Convém, no entanto, não exagerar. O ministro das Finanças, Joaquim Miranda Sarmento, recorrendo ao estafado truque de Mário Centeno, Fernando Medina e António Costa, já veio reivindicar para Portugal o primeiro lugar europeu no crescimento em cadeia no último trimestre de 2024. Sendo verdade que os números do último trimestre foram excelentes e resolvem uma parte significativa do problema do crescimento – e do saldo orçamental para 2025 – devido ao efeito de carry-over, é factualmente errado que Portugal tenha tido o melhor desempenho. Uma simples consulta do Eurostat dissipa as dúvidas: Irlanda e Dinamarca tiveram registos melhores. O truque político é irritante, mas pouco importa. No actual contexto de dificuldades das principais economias portuguesas, o desempenho português é aceitável (crescimento de 1,9% em 2024), a que se juntam os desempenhos das economias mediterrânicas cheias de PRR e turismo (Croácia: 3,8%; Espanha: 3,2%; Grécia: 2,3%; Itália: 0,5%; Eslovénia: 1,3%).
As atenções estavam, no entanto, concentradas para os números do saldo orçamental. A previsão do OE2024 ainda preparado pelo governo socialista de António Costa previa um excedente de 0,2% por PIB. Agora, ficámos a saber que o excedente realmente executado foi de 0,7%. O resultado é usado pelo governo que pode dizer que executou 3/4 do período anual do orçamento e que, ao contrário do que dizia o PS, foi capaz de aumentar os salários e valorizar as carreiras de um conjunto de profissões na Administração Pública sem arruinar as contas públicas. Claro que a despesa de investimento realmente efectuada ficou aquém do orçamentado em 1400 milhões de euros. Dado o estado depauperado do stock de capital público do país depois de tantos anos de subinvestimento, seria preferível ter levado a cabo essa despesa do que alimentar o fetiche do montante do excedente orçamental que a propaganda do governo socialista anterior tornou um ponto de louvor insuportável. É verdade que o PRR constitui uma tal torrente de meios financeiros que o investimento encontra por essa via uma alternativa à despesa provinda do Orçamento do Estado. Isso em breve terminará quando o PRR deixar de ser a “fundo perdido”.

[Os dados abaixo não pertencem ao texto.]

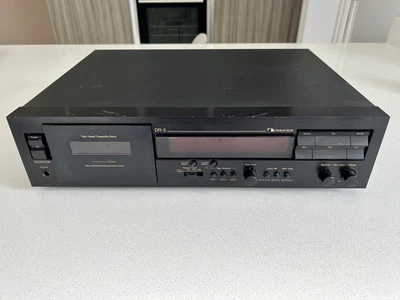 £150 • Buy Nakamichi DR-3 Two-Head Cassette Deck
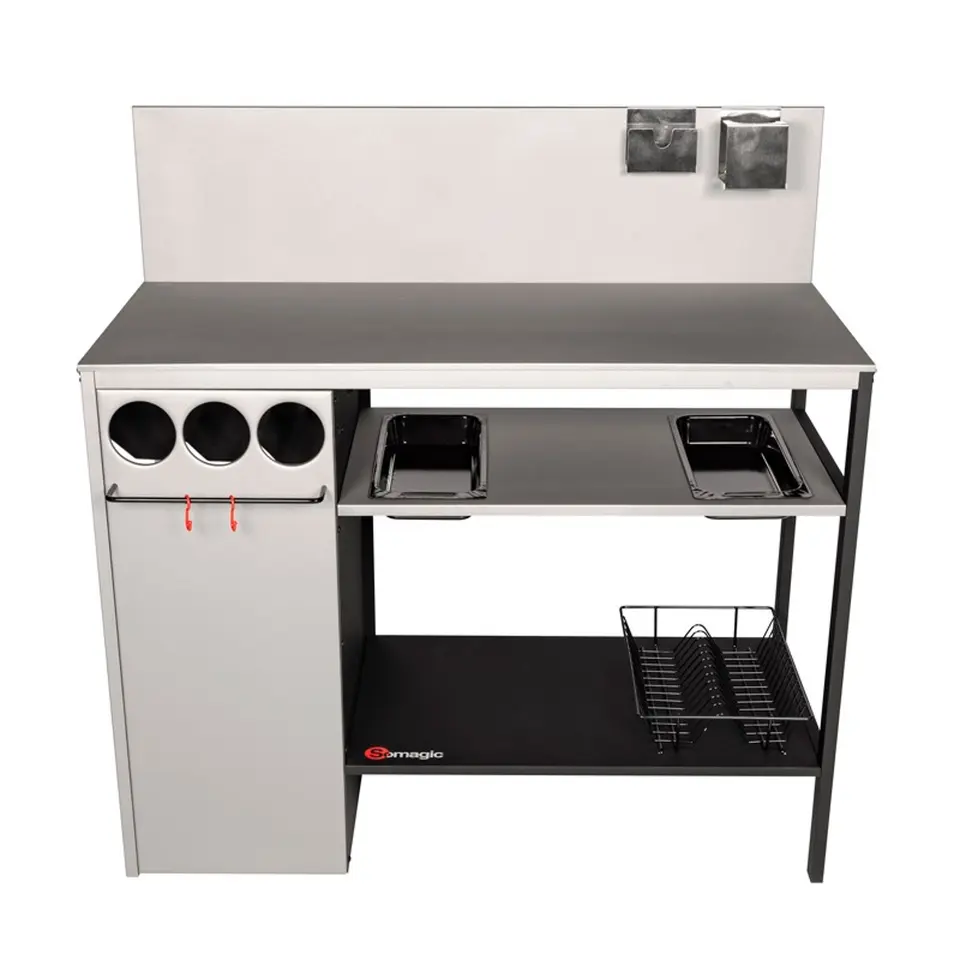 Somagic Service WALLIS - Grijs - Staal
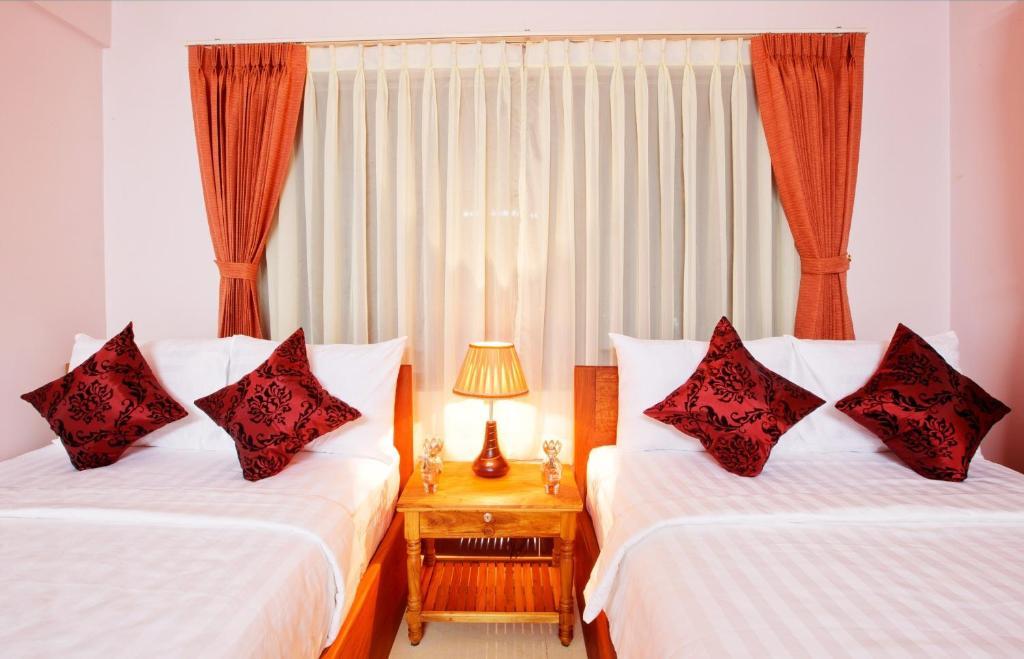 Friendly Villa Siem Reap Quarto foto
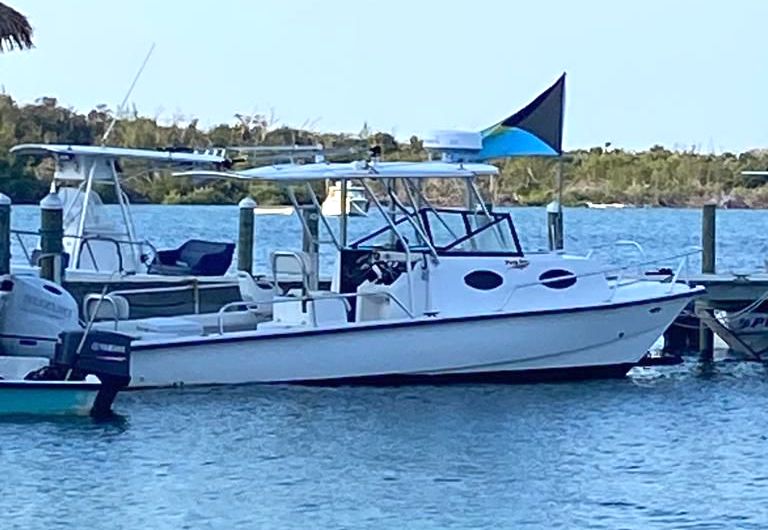 bahama 25 sailboat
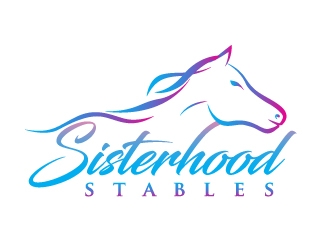 Sisterhood Stables logo design by abss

Contudo, vale a pena reconhecer que o fetiche absurdo do excedente orçamental reflecte um consenso nacional inédito em torno da necessidade de umas contas públicas equilibradas. Por muito que custe à nossa esquerda política, e aos comentadores pouco ilustrados, foi um debate nacional decisivo vencido unilateralmente por Pedro Passos Coelho. Nem Costa, nem o PS, em 2014 ou 2015, se reviam no objectivo nacional das contas públicas equilibradas. Ou era a reestruturação da dívida, cujos manifestos mais escabrosos seriam assinados por futuros ministros da geringonça, que era imperiosa; ou era o apoio à política financeira do Syriza após Janeiro de 2015, em quem Costa naqueles meses, até à ruína financeira da Grécia, depositou tanta esperança. Oportunista, como sempre, sem escrúpulos políticos alguns, como sempre, Costa saiu de mansinho desse beco sem saída e passou, no governo, a aplaudir freneticamente os orçamentos equilibrados.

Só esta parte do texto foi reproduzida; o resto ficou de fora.